Aglianico Terredora


Even though it’s summer, I don’t think you should forget red wine and wait for the Fall to come around before opening another red. With that in mind, I popped open a red Italian this week. An Aglianico from Campania.

While Italy is probably best well known for Chianti and Brunello (made from the sangiovese variety) and Barolo and Barabesco (the Nebbiolo grape), there are a lot of hidden gems available that are cheaper then the “biggies” but still give you bang for your buck.
Aglianico is grown mostly around southern Italy in Campania and Basilicata. Like most Italian varieties, this one has been around for centuries and many people think that the Greeks brought this particular variety to Italy oh-so-many years ago because the name is a corruption of Ellenico, Italian for Greek. Aglianico is known for having high acidity and firm tannins – sounds like a perfect food wine to me. Not really something you’d want to drink alone (either by yourself or without food, even though it’s only 13% alc).
The wine we had was an Aglianico Terredora 2005.
Appearance: A dark, inky black color
Nose: I really liked the aromas coming off this one. At first I got hit by this herbal, almost musky animal scent and then the aromas of black cherries, berries and a bit of spiciness, could have been pepper, maybe a bit of sweet spice as well.

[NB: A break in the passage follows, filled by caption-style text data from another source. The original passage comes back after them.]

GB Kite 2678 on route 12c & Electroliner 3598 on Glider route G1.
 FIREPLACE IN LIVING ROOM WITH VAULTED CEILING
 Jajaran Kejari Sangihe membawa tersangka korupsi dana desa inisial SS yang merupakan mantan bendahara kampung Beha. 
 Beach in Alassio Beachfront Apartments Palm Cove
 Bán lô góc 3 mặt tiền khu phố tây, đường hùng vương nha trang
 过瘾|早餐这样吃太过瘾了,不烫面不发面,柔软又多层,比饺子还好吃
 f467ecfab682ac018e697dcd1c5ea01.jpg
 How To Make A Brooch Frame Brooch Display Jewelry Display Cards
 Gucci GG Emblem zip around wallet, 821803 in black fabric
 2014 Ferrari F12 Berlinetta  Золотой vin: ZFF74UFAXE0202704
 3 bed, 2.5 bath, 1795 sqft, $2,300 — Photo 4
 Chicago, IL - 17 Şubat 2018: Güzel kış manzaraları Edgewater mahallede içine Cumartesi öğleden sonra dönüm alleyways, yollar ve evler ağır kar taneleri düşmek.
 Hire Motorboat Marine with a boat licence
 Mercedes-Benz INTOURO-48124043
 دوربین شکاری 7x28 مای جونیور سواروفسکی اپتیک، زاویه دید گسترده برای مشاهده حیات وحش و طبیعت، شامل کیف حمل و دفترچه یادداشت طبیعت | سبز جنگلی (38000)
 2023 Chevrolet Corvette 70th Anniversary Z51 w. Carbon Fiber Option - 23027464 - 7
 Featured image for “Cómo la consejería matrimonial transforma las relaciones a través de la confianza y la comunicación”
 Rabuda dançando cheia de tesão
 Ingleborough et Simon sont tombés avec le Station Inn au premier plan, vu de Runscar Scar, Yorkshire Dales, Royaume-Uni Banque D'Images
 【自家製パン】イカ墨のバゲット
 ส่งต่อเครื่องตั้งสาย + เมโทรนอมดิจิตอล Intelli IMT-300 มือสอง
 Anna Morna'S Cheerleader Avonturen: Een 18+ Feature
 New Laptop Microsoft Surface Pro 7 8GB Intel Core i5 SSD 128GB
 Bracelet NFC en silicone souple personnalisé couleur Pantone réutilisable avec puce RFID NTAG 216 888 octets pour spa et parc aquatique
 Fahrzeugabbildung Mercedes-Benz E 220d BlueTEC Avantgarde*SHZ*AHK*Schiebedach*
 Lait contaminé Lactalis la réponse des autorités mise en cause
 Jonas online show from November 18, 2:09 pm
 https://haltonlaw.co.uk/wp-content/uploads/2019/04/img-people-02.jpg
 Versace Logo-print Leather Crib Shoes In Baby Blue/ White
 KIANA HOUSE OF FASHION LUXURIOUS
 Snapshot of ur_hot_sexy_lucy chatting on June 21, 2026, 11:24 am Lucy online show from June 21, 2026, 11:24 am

Mouth: Wow! I loved the silkiness of this one, it just coated my mouth with lots of black cherry and ripe black fruit flavors, a hint of toasty smoke and a nice mocha finish to it. The tannins were there but there were never too obvious. I was afraid that this was going to be a monster wine that would blow my taste buds out of the water.  But no, we had this with a big hunk o’ meat and it definitely stood up to it without laying waste to my palate.  As I said earlier though, this isn’t really a wine you’d want for just sippin’ and chillin’ out on the patio. Save that for the white, but for dinner, this is definitely a winner. And at around £10, much cheaper then Brunello.